Dropping his concealing cloak upon the floor, he stepped into the glow of light under the hanging-lamp, the pitiless rays of which fell directly across his emaciated and deathly face, out of which shone his eyes, glittering with fever. Ahalya gave a low exclamation, which he answered. “Yea, look upon my face. It is that of one that hath not much longer here. I have not told thee, thou beloved of my soul, of the curse that lies upon my race. That curse was given me by the Vindhyas on the last night that we loved. In my heart I know well that I am doomed. My strength is gone, and the weakness grows daily greater. Shall I bring this misery upon thee? Shall I—”
But here he was stopped. Comprehending him at last, Ahalya, her eyes shining with new-found peace, went to him and put her arms about his wasted frame; and he, feeling no desire to resist, let himself be drawn down upon the divan, his head pillowed on her breast, her strong, young arms around him. “Beloved,” she murmured over him, and Fidá gave himself up to her. As he lay, passive, motionless, one of his hands wound in her curling hair, they talked together, scatteringly, of many things. Both of them understood that their burning days were forever at an end; that indeed of the quiet ones there were left not many. But, for the moment, Fidá could look upon the future without dread; and Ahalya was under the spell of too great a relief to face new calamity at once. Both knew, indeed, that the situation might have been infinitely worse. There might have come sudden parting:—death for one, for the other the torture of long waiting. Instead, the future was to be to them but a golden repetition of the golden past. And even now their companionship could be resumed, their love only growing the stronger as Fidá’s body became weak, since they were now bound by ties of truth and unselfishness that no misrepresentation or sorrow or suffering could break.

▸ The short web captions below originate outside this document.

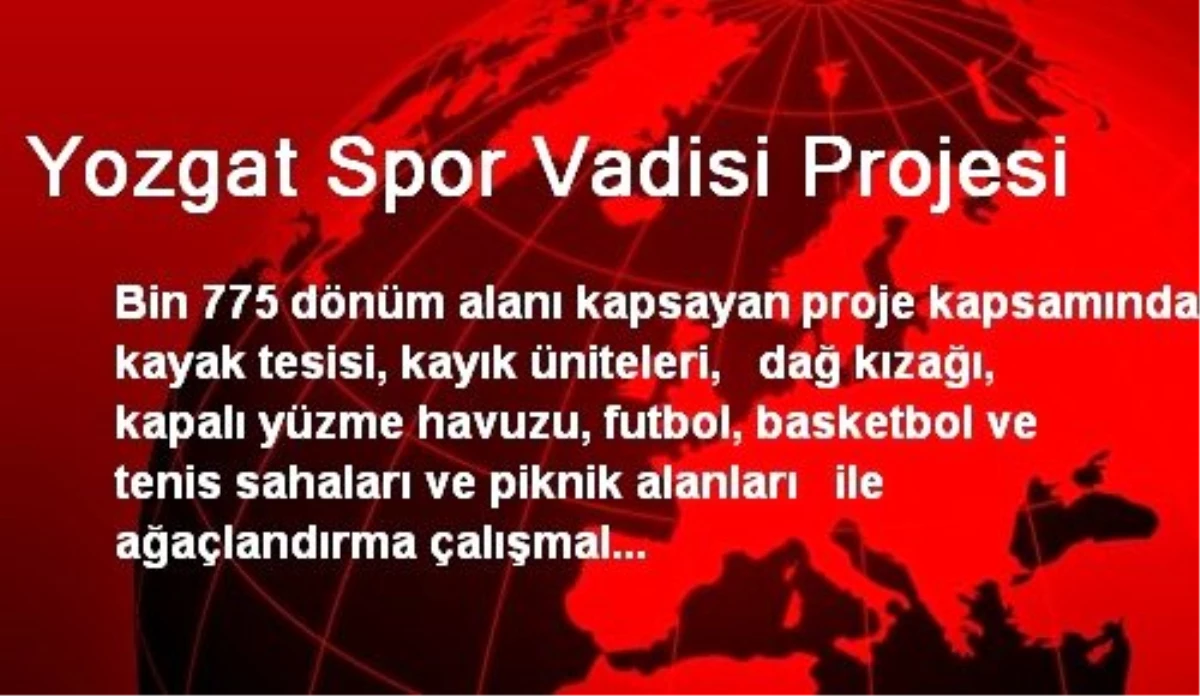 Yozgat Spor Vadisi Projesi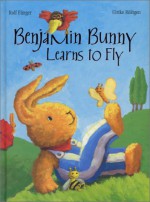 Benjamin Bunny Learns to Fly - Rolf Fanger, Ulrike Moltgen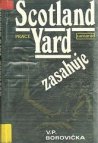 Scotland Yard zasahuje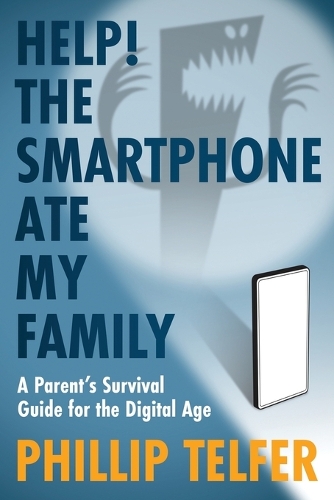 Help! The Smartphone Ate My Family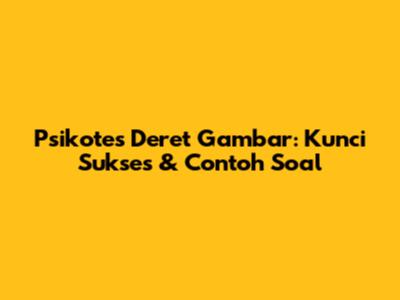 Psikotes Deret Gambar: Kunci Sukses & Contoh Soal
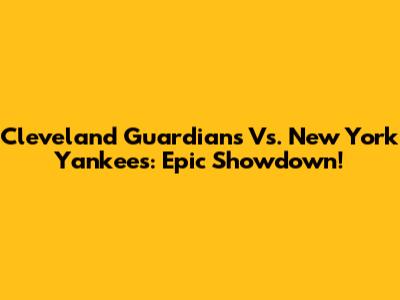Cleveland Guardians Vs. New York Yankees: Epic Showdown!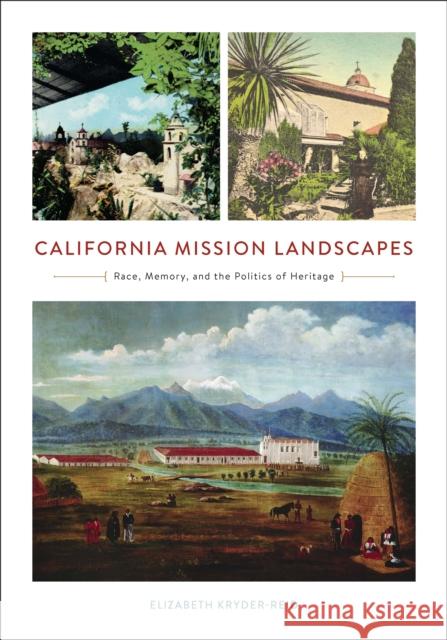California Mission Landscapes: Race, Memory, and the Politics of Heritage Elizabeth Kryder-Reid 9780816637973 University of Minnesota Press - książka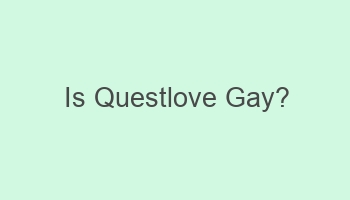 is questlove gay 110488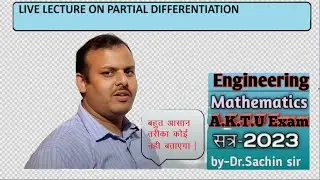 Topic: Partial Differentiation  aktu maths-1 bas 103 by Dr. Sachin sir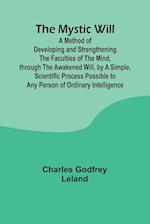 The Mystic Will; A Method of Developing and Strengthening the Faculties of the Mind, through the Awakened Will, by a Simple, Scientific Process Possible to Any Person of Ordinary Intelligence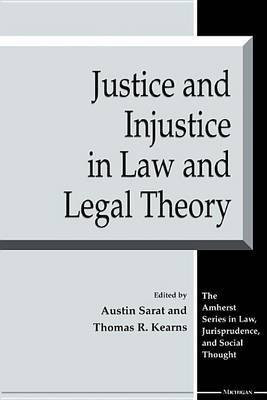 Justice and Injustice in Law and Legal Theory(English, Electronic book text, unknown)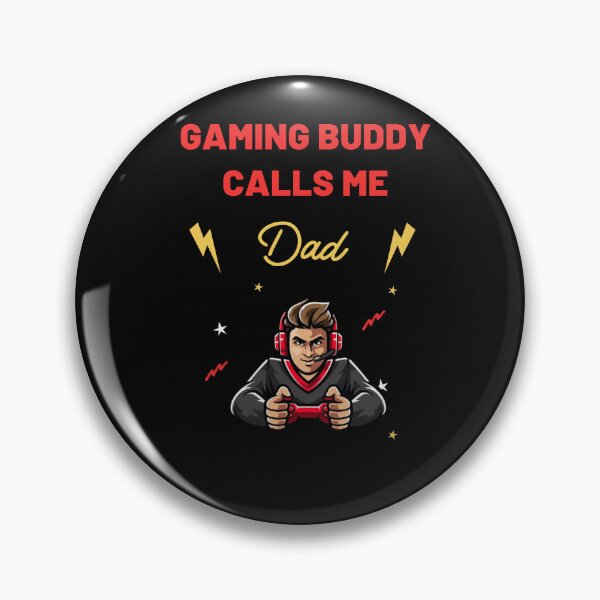 Item preview, MY gaming buddy calls me dad, gaming buddy, i am the best gamer, gaming is my job !  designed and sold by mustafatolba16.
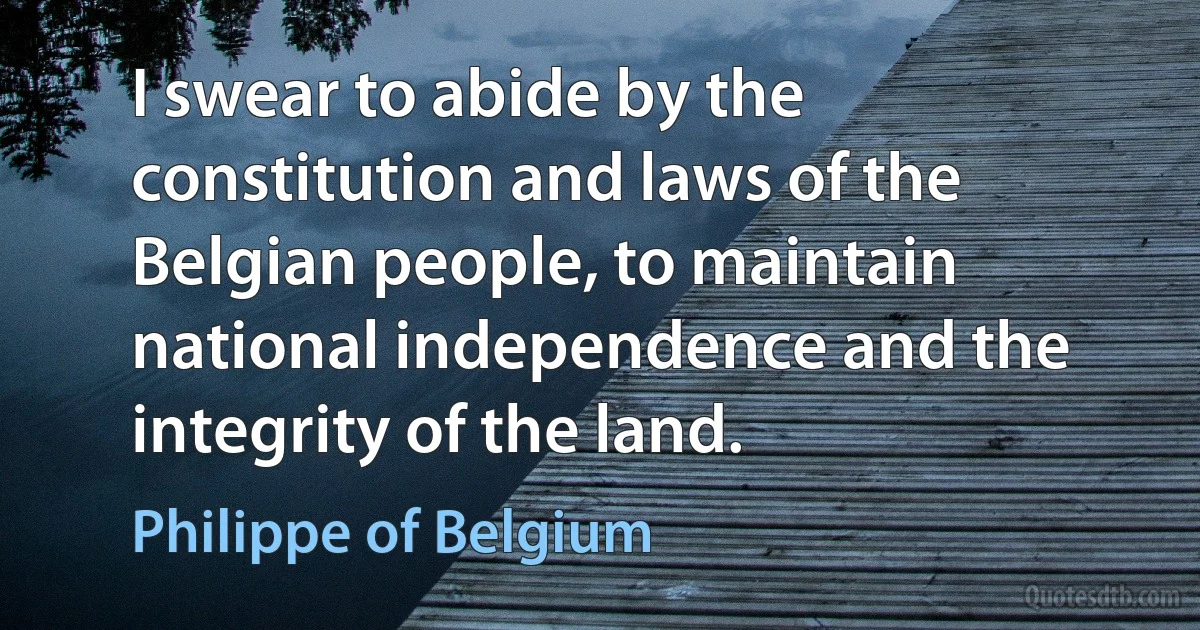 I swear to abide by the constitution and laws of the Belgian people, to maintain national independence and the integrity of the land. (Philippe of Belgium)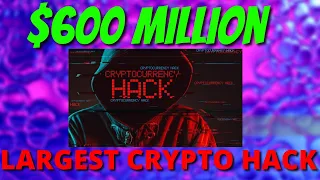 600 Million In Crypto Hacked  Largest Hack In History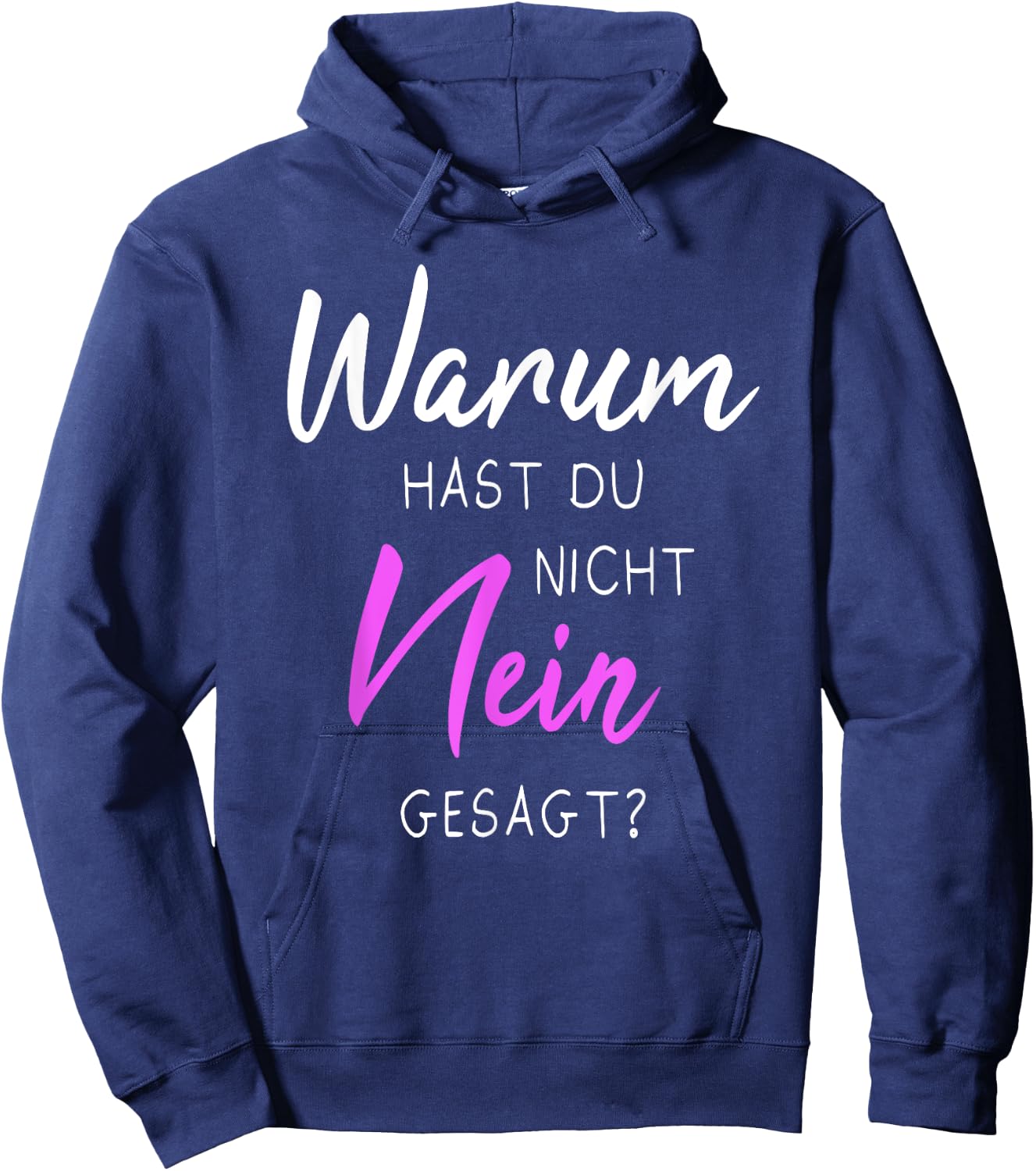 with German Text "Warum hast du nicht nein gesagt", black Hoodie - Hoodie | Navy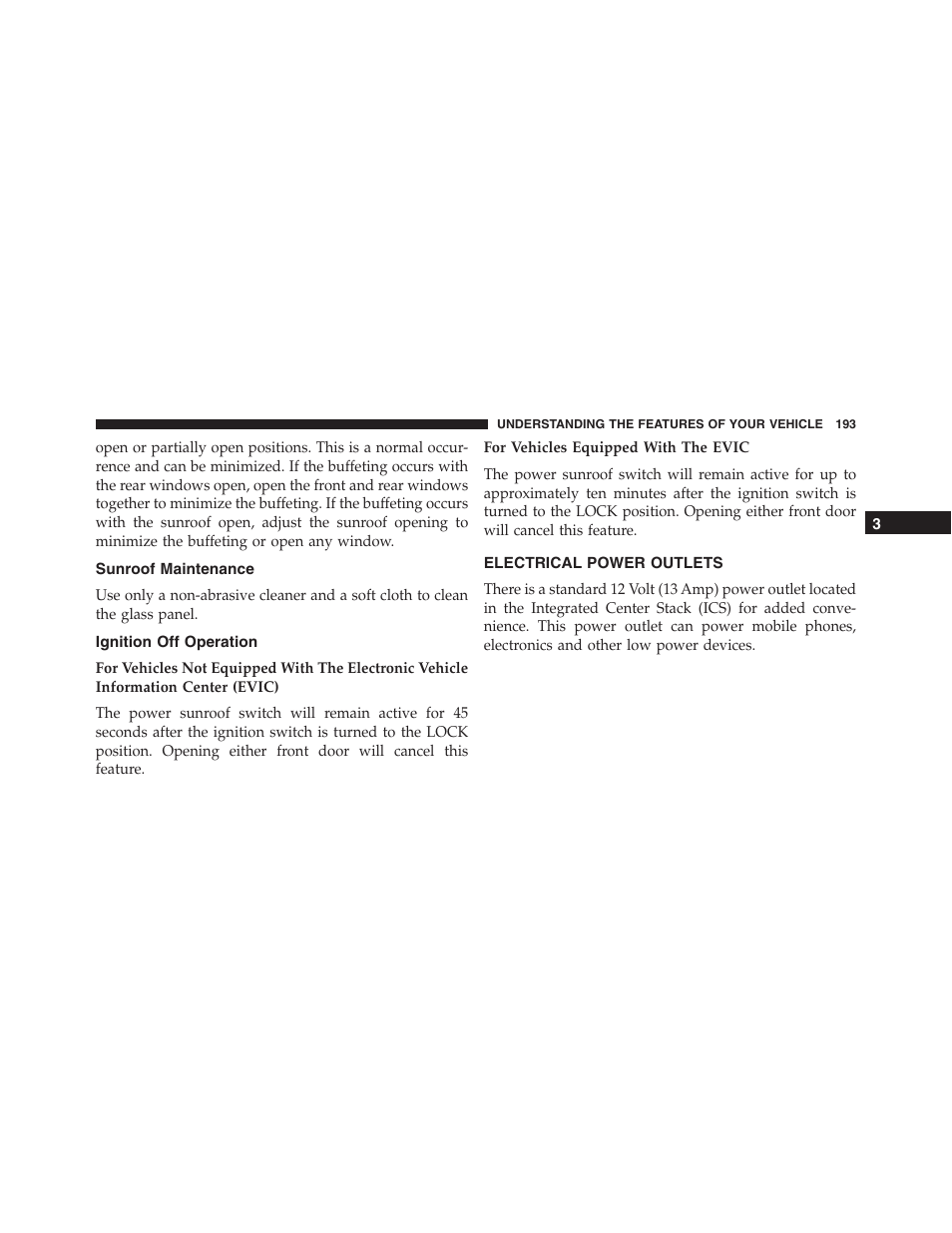 Sunroof maintenance, Ignition off operation, Electrical power outlets | Jeep 2015 Compass - Owner Manual User Manual | Page 195 / 572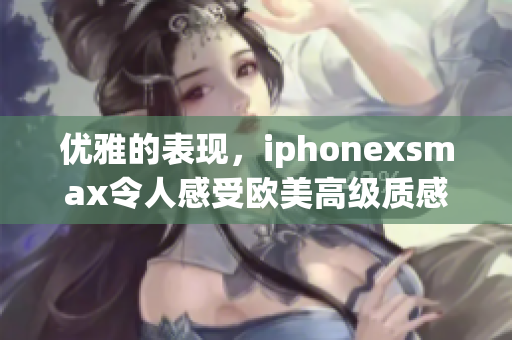 优雅的表现，iphonexsmax令人感受欧美高级质感
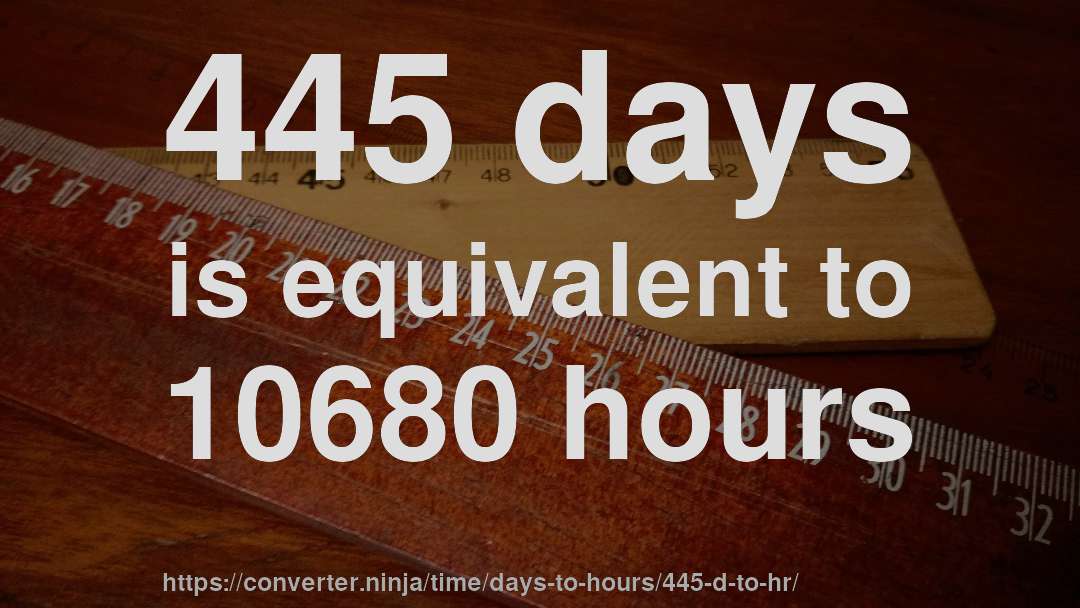 445 days is equivalent to 10680 hours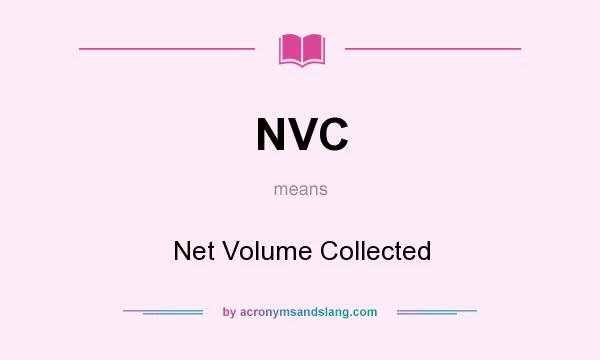 What does NVC mean? It stands for Net Volume Collected
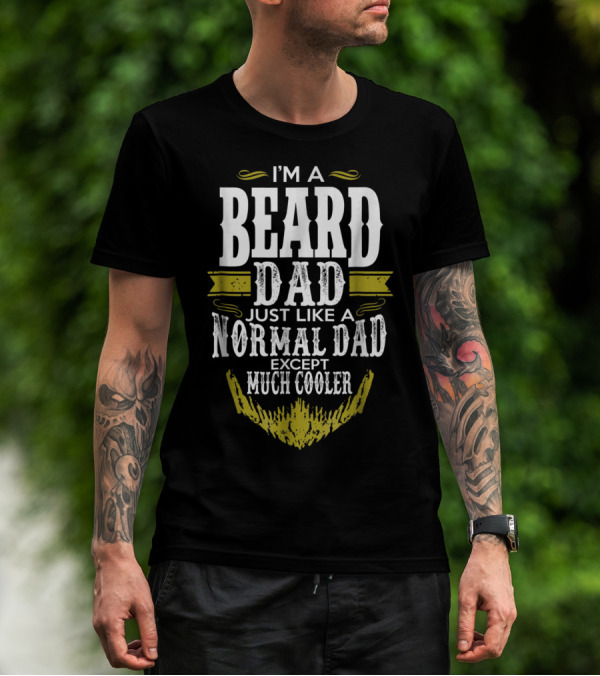 I'm A Beard Dad Just Like A Normal Dad Except Much Cooler T-Shirt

Thereafter ensued a quiet period of nearly four weeks. The spring was advanced. The planting was over, and Mandu abloom. The sun’s rays grew daily hotter, though as yet there was little discomfort from heat. It was the time of year when all growing and living things love and mate; but for Ahalya and Fidá it was the autumn of love. Their days were filled with misgiving; for, as the inevitable end drew near, both came to suffer a great anxiety about the manner of that end.